# new awlgrip for my old Alden, awlgrip color combinations that work questions?



## sharedwatch (Aug 9, 2008)

Greetings Folks,

Amongst other things My Alden Caravelle is going in for an awlgrip treatment. ...started with doing the decks due to a small soft spot by the windlass and next thing you know we're painting the whole boat.

Torn on color choices. She has been a blueish white hull now or perhaps a light blue color. -not sure wer'e going back that way.

Any thoughts on color choices? I've had some thoughts of Flag Blue but not sure I want the dark hull. I've considered Stars and Stripes Blue which I think is great but have heard it is difficult to get it to come out right. ...thought of some shade of white but the choices are endless. I am sure certain colors work better together than others for decks and topsides. I may not be color blind but I think I'm color stupid!!!

Anyone care to share their experiences or opinions?


----------



## killarney_sailor (May 4, 2006)

*How about gray?*

I have now had two boats painted in whisper gray Awlgrip with dark blue trim (Aristo Blue?). It is a very classy looking combination and has drawn many complements. It is also very practical since scratches do not show and it is cool inside on hot, sunny days.

Whoever is doing your boat may have some around and you can put a smear on the hull to get an idea what it is like.


----------



## US27inKS (Feb 6, 2005)

I went with perfection Mauritius Blue, Mediterranean White for the boot stripe and deck, and Oyster for the non skid areas.

Dark blue hulls looks great on a boat with such classic lines. It is a PITA to get the hull straight enough for dark paint, and I don't think many boatyards care enough to get it perfect. I certainly would not want to pay for the amount of time that I spent on mine.


----------



## bellefonte (Jan 14, 2010)

*visual*



killarney_sailor said:


> I have now had two boats painted in whisper gray Awlgrip with dark blue trim (Aristo Blue?). It is a very classy looking combination and has drawn many complements. It is also very practical since scratches do not show and it is cool inside on hot, sunny days.
> 
> Whoever is doing your boat may have some around and you can put a smear on the hull to get an idea what it is like.

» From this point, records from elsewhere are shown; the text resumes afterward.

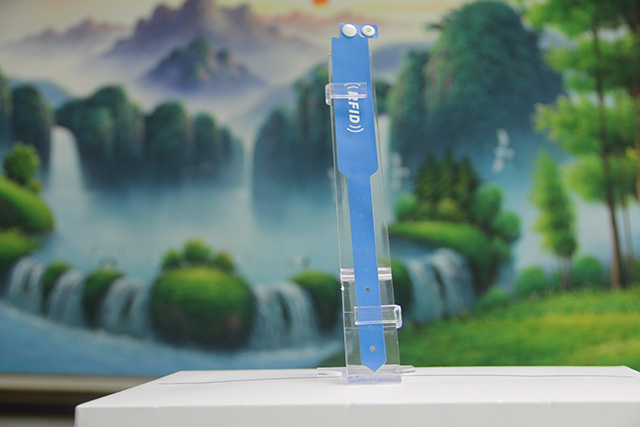 怎样在网上订购vip会员卡？？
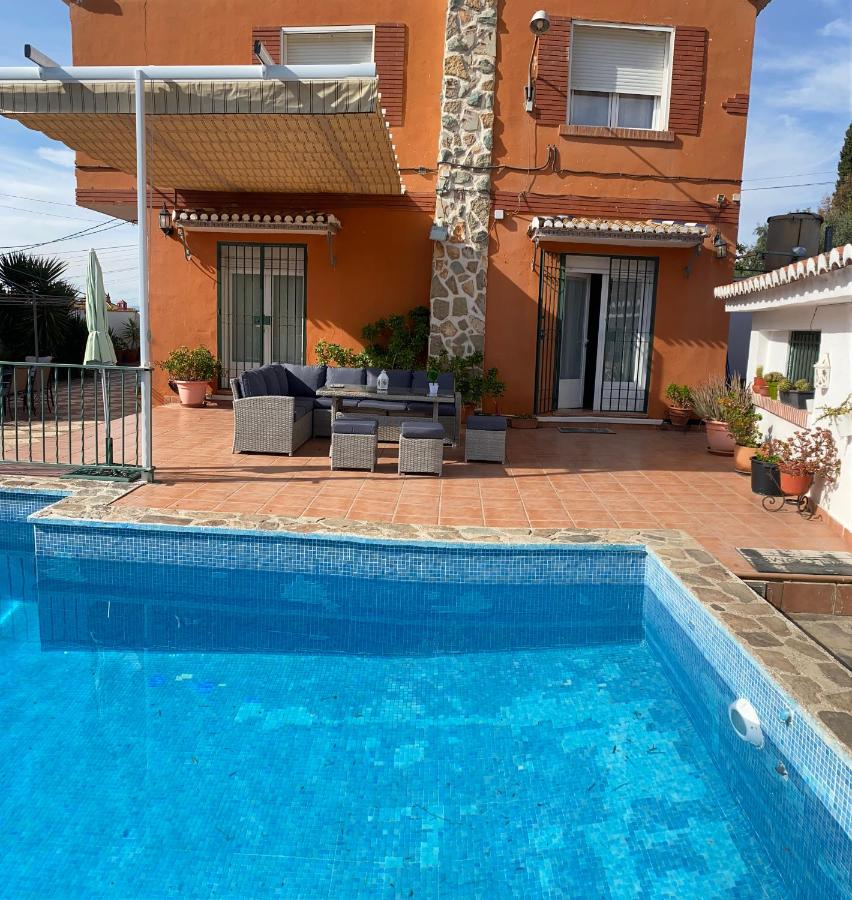 VILLA HUETOR , Piscina y barbacoa privada - B&B Huétor Vega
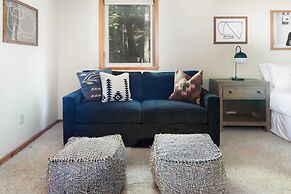 Redwood by Avantstay Secluded Cabin w/ Views & Spa 5mins to Northstar!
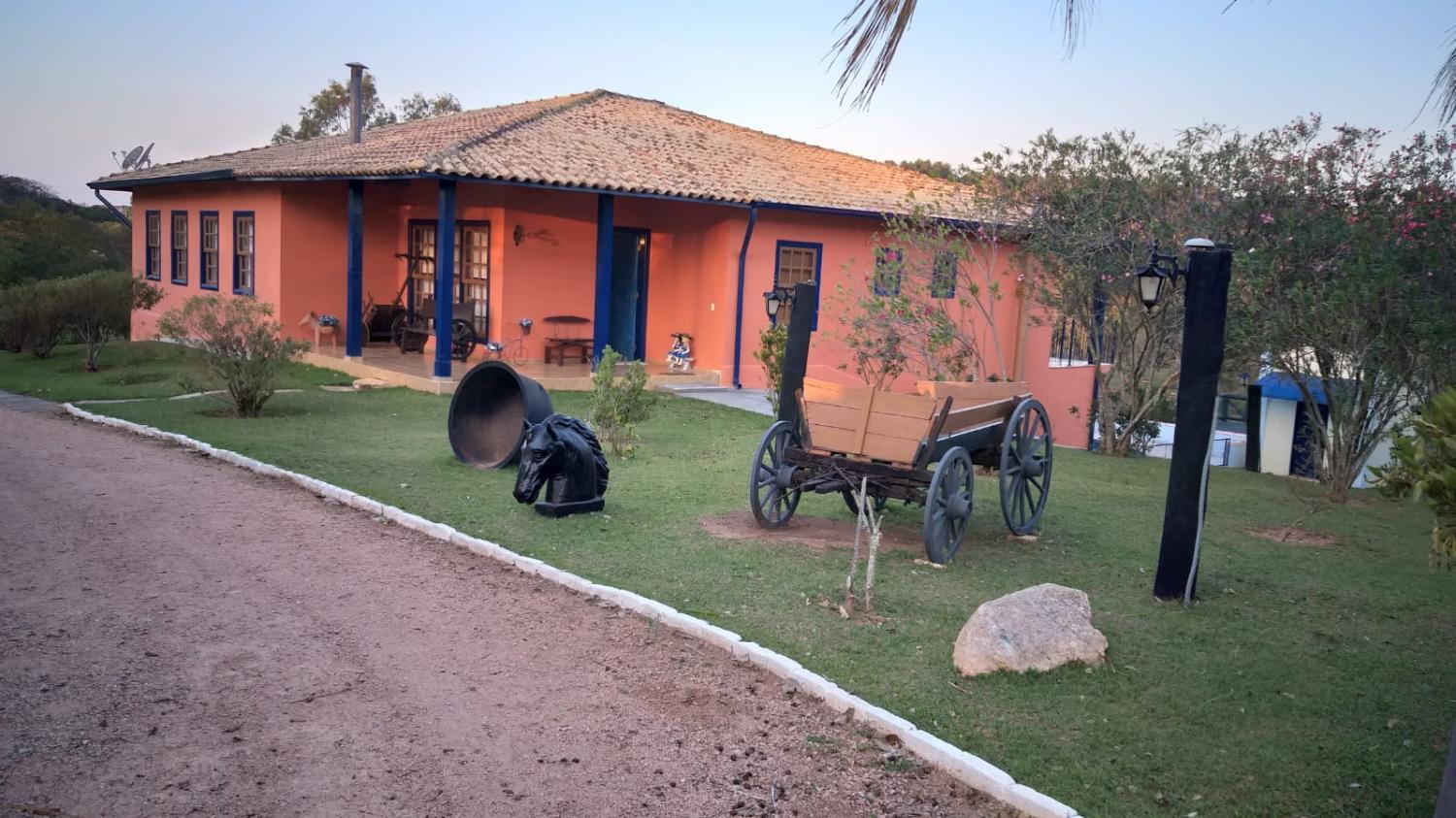 Fazenda à venda com 7 quartos, 20000m² - Foto 1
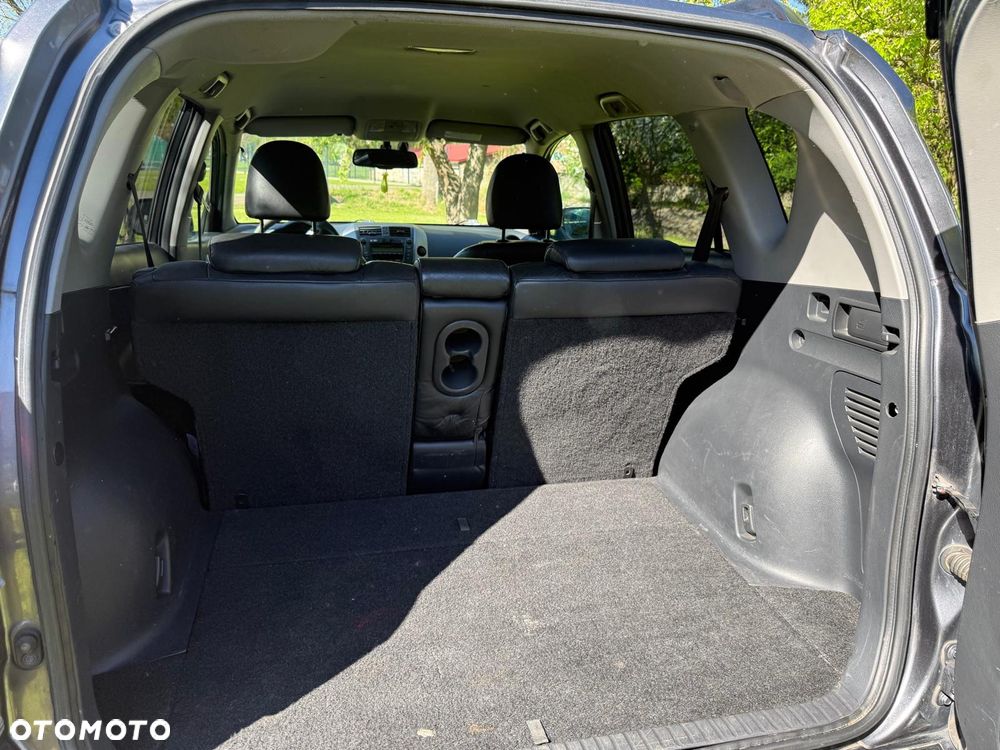Toyota RAV4 2.2 D-CAT X - 5
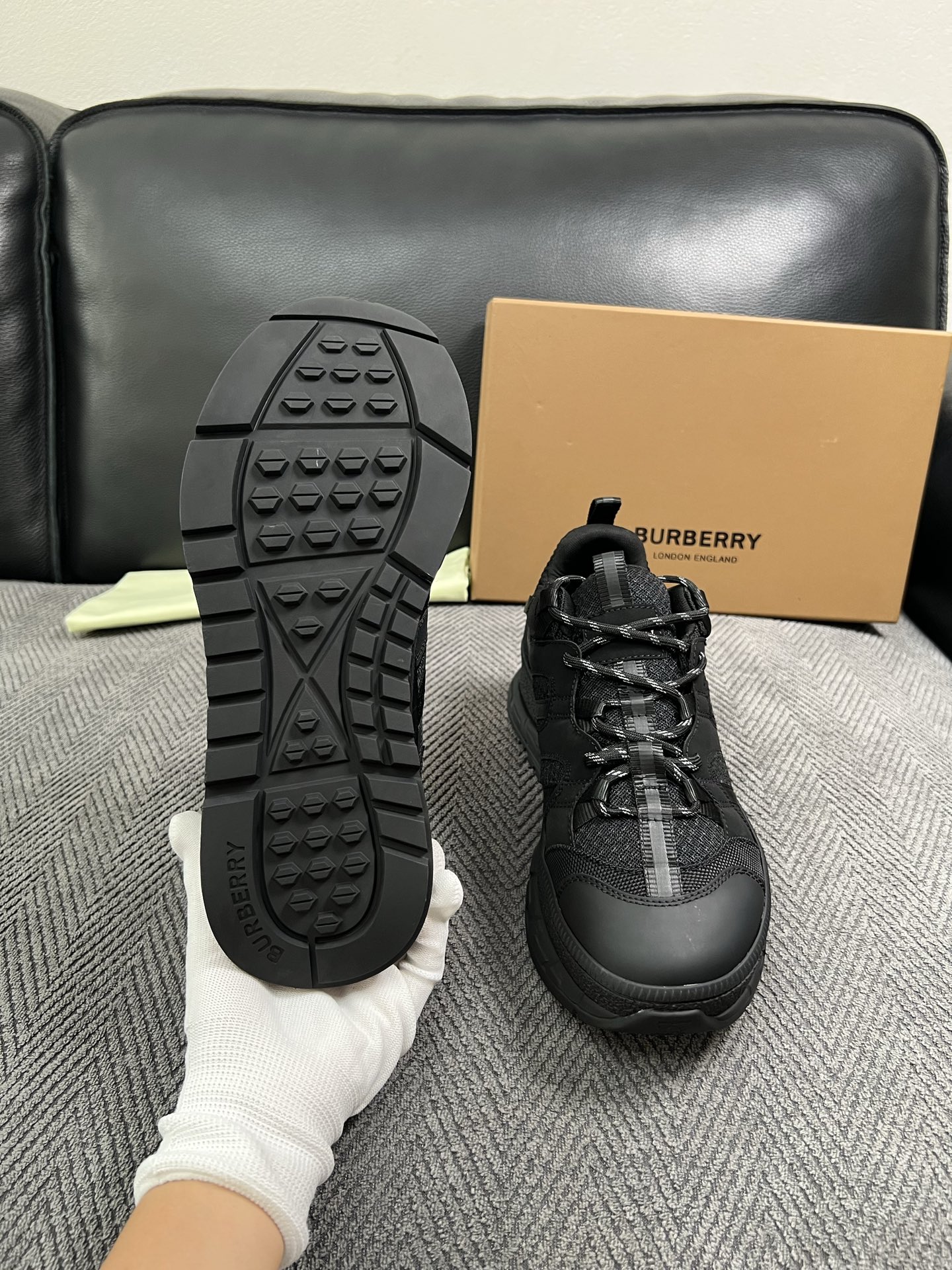 BURBERRY  高品质  顶级工艺品 巴宝莉 专柜同步，原厂配置意大利进口牛皮面料，高品质复杂拼接工艺，进口牛皮内里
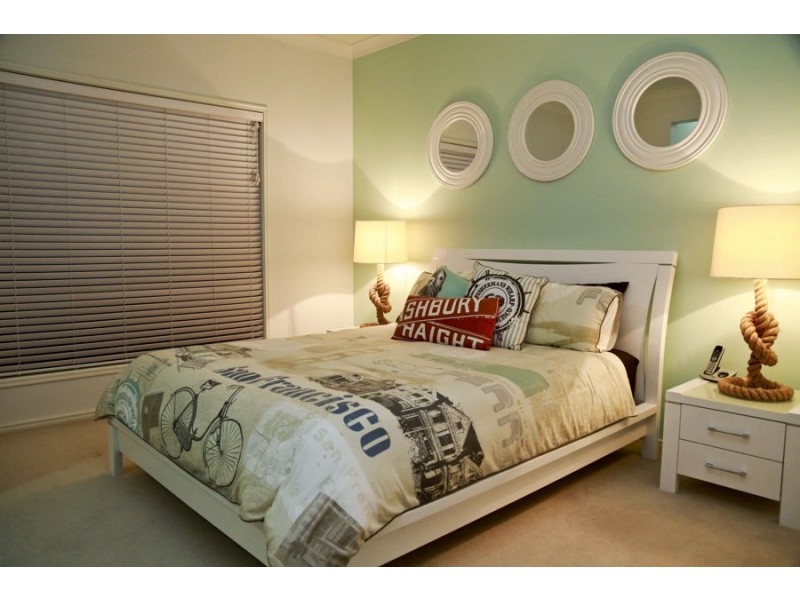 8 Hans Street, Upper Coomera QLD 4209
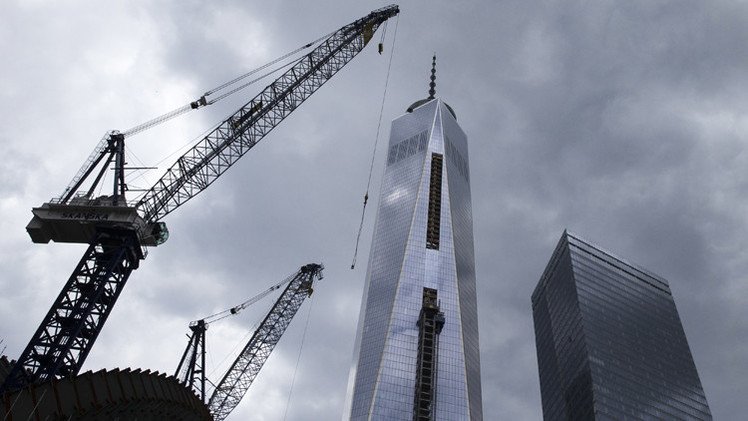 اتهام شركة مقاولات مكلفة بأعمال داخل مركز التجارة العالمي 1 بالاحتيال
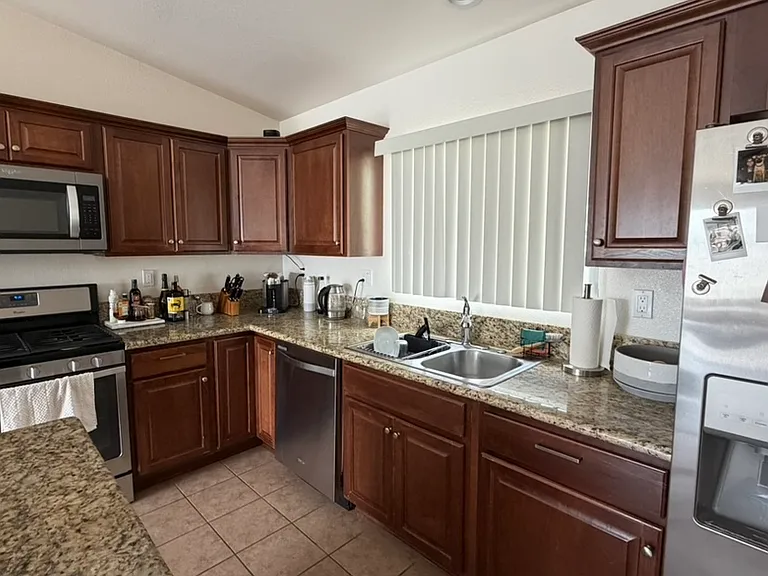 4565 Cherokee Ave #B — Photo 7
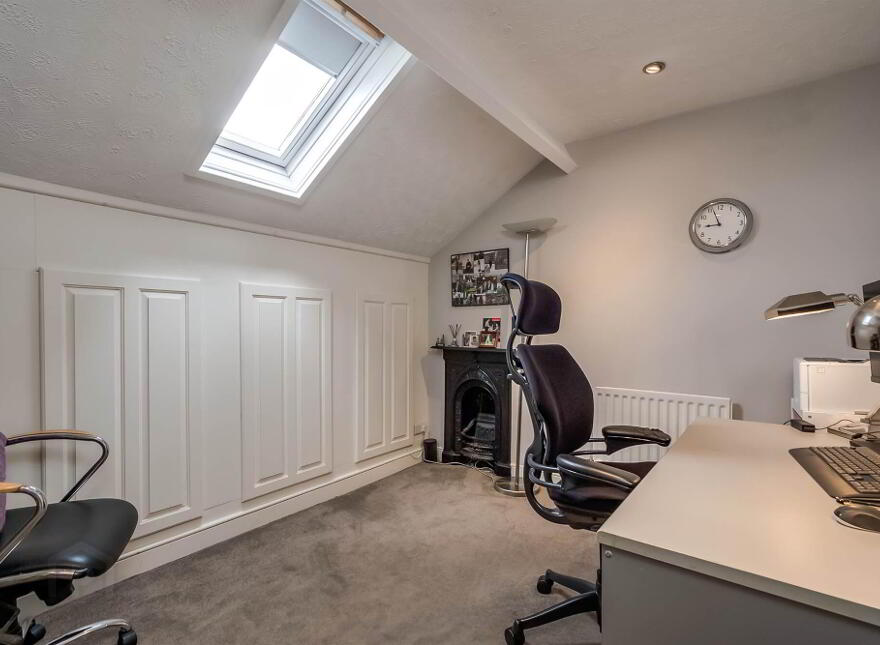 20 Knockbreda Road, Rosetta, Belfast, BT6 0JA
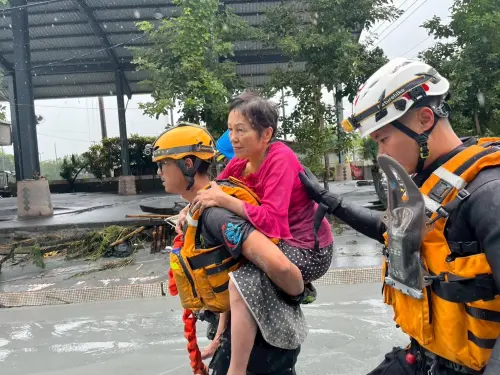 ▲花蓮馬太鞍溪堰塞湖溢流重創光復鄉，消防弟兄挺進災區救援。（圖／中央災害應變中心提供）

pictures! We want pictures!


----------



## US27inKS (Feb 6, 2005)

Pictures of mine.

Prior to first launch.









Going away









My favorite pic (except for the dirty bottom)


----------



## Quickstep192 (Jan 6, 2001)

I'm personally a fan of Flag Blue with white stripe and red bottom with white topsides. US27inKS' boat is that color or similar. It looks sharp on US27inKs' boat, it looks sharp on mine and your boat certainly has the lines to have it look terrific. I've heard it can make the boat warmer inside, but I have no empirical information to back this up.


----------



## sharedwatch (Aug 9, 2008)

- that's the second suggestion for whisper gray I've recieved.

- agreed Dark Blue looks great. I'm not sure I'm ready to be that nervous docking a 20,000 lb dark blue hull however... The hull is extremely fair and doesn't look like it's changed shape at all in its (almost) 40 years.

I'm terribly undecided but need to make good decisions pretty quickly. Thanks for the suggestions.

Wife wants me to paint her "blue tone white" or maybe awlgrip/awlcraft "ice blue" which both kind of straddle to the old color ... I've only ever seen sportfisherman painted these colors so am having a hard time with the vision.


----------



## US27inKS (Feb 6, 2005)

sharedwatch said:


> - agreed Dark Blue looks great. I'm not sure I'm ready to be that nervous docking a 20,000 lb dark blue hull however... The hull is extremely fair and doesn't look like it's changed shape at all in its (almost) 40 years.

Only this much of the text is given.